Where most observers find fault is in the government’s apparently hurried and unnecessarily ‘all-at-once’ rollout of ideas as opposed to exhausting the implementation of one pillar before proceeding to the next. This has led to immense agony for local taxpayers, and to general public outcry.
As it is now, advanced national discourses have come in fast and furiously. From the Housing levy to the Universal Health Care controversies to the New University Funding Model and the contested privatisation of the main airport, ad infinitum, it has been quite mind-boggling. Unrelenting inundation with numerous novel ideas has left many Kenyans extremely exhausted and bewildered.
Regardless, the government’s initial strategy of streamlining the agriculture sector- on which this article focuses - by subsidising farm inputs was spot on, given the primacy of the shamba in the Kenyan psyche where everyone from the President down to the janitor is a farmer of some sort, be it of herb, bird or cow. Singling out this omnipresent sector for treatment was quite inspired, since most other processes such as manufacturing, investment and wealth creation always annex themselves to it automatically.
Sadly, the momentum was slowed by the shameful introduction of fake fertilisers into the market, and there is consensus that the process was never properly concluded. Other critical inputs besides fertilisers should have been thrown into the equation, and deliberate efforts at value addition proactively made.
As expected, availability of cheap fertilisers led to increased output by the farmers, then to a glut in the market for perishable produce such as potatoes and cabbages, and finally, to unnecessary spoiling and wastage of fresh produce. There was therefore need to pre-plan for increased shelf-life of the accruing harvests by enabling value-addition of products preferably within the same location where production takes place.
This has largely happened in the milk sector with products such as yoghurt and butter having more longevity than the highly perishable raw milk, thereby guaranteeing a robust value chain besides attracting premium prices.
In the process, different kinds of markets for by-products of raw milk have emerged, especially among the growing number of urban connoisseurs of cheeses, ghee, sour milk and other higher order milk derivatives. This success could be replicated among other products by, for example, converting potatoes to crisps, or drying and storing up vegetables without compromising nutrition.
On the international stage, Ghana has shown that this can be done by beginning to produce chocolate after generations of buying back their own cocoa exorbitantly from Europe as processed products. Without stirring the hornet’s nest unnecessarily, Kenya should take cue and similarly plan for importing less Nescafe from Switzerland in future.

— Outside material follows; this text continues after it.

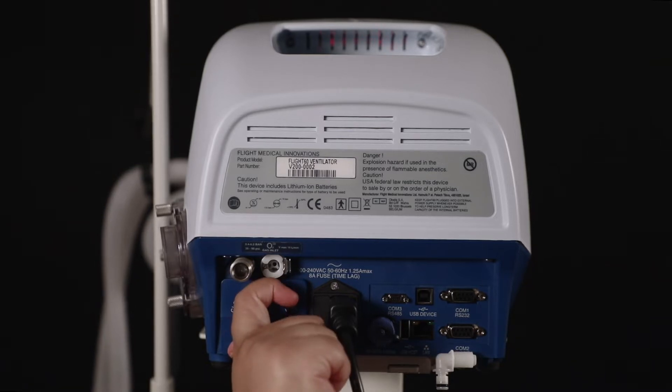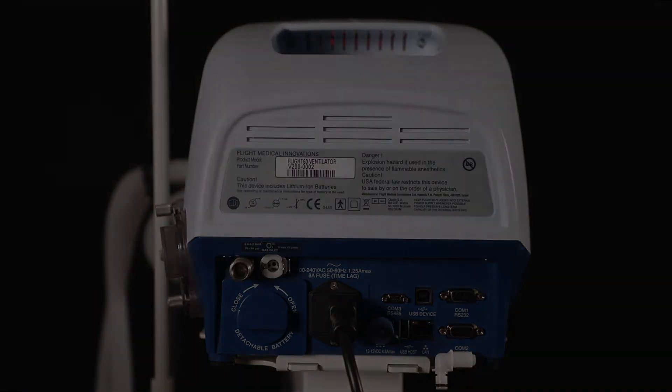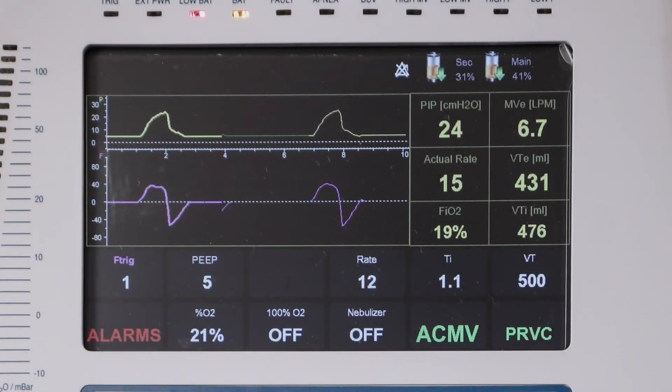Make sure to rotate it completely until you hear a click sound. On the top right of the screen, the two battery icons indicate the battery capacity. The real-time battery capacity is displayed in numerical percentages.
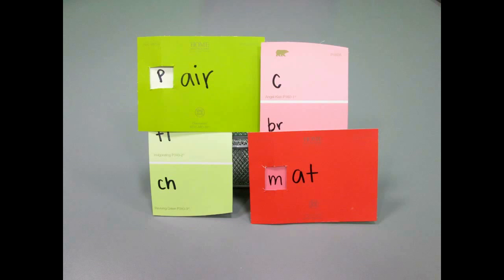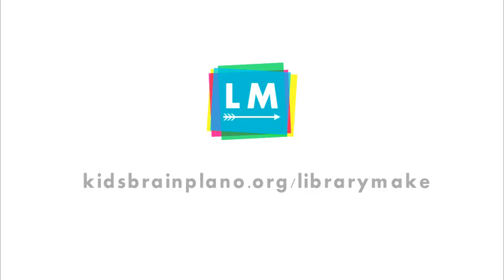This has been an episode of Library Make, a production of the Plano Public Library System. If you'd like written instructions for this craft, click on the link in the description box below for a PDF file. Or, for more information, you can check us out at our blog, kidsbrainplano.org. For more information on what's going on at your Plano Public Library, go to planolibrary.org. Thanks for watching!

Secondly, the value-augmentation of products should go hand in hand with improved local market access. This calls for a shift from the populist practice where tarmacked roads, water, energy and Information and Communications Technology lines often lead to the homes of political VIPs, or performatively connect towns, to a more utilitarian model where infrastructural service lines link up agricultural production centres.
This, coupled with promulgation of cross-county trade treaties and use of existing agricultural data will facilitate easy movement of agricultural goods locally based on demand and supply, and encourage growth of agri-business. Ultimately, no one will fail to quaff camel milk, or enjoy the popular camel soup just because they do not live in Marsabit or Mandera.
Mombasa coconuts will be ubiquitous Kenya-wide, as will be Kisumu’s fish, while the northern frontier of the country will partake fresh potatoes and cabbages from the highlands as though they themselves lived there.
When you think of it, it was tragic that our counties, originally envisioned as economic units ultimately became political. Through the collaboration of the county ministries of trade and their national counterpart, we would have expected to see the most ideal and effective resource mobilisation, revenue generation and positive competition and other stuff necessary for spurring national growth taking place in the devolved units. Had this happened, counties would be asking for less and less capitation from the national government with the passage of time, contrary to what is happening currently.
Finally, the rollout of the Bottom-Up Economic Transformation Agenda should be allowed to flow naturally, even if it means continuing into future political regimes.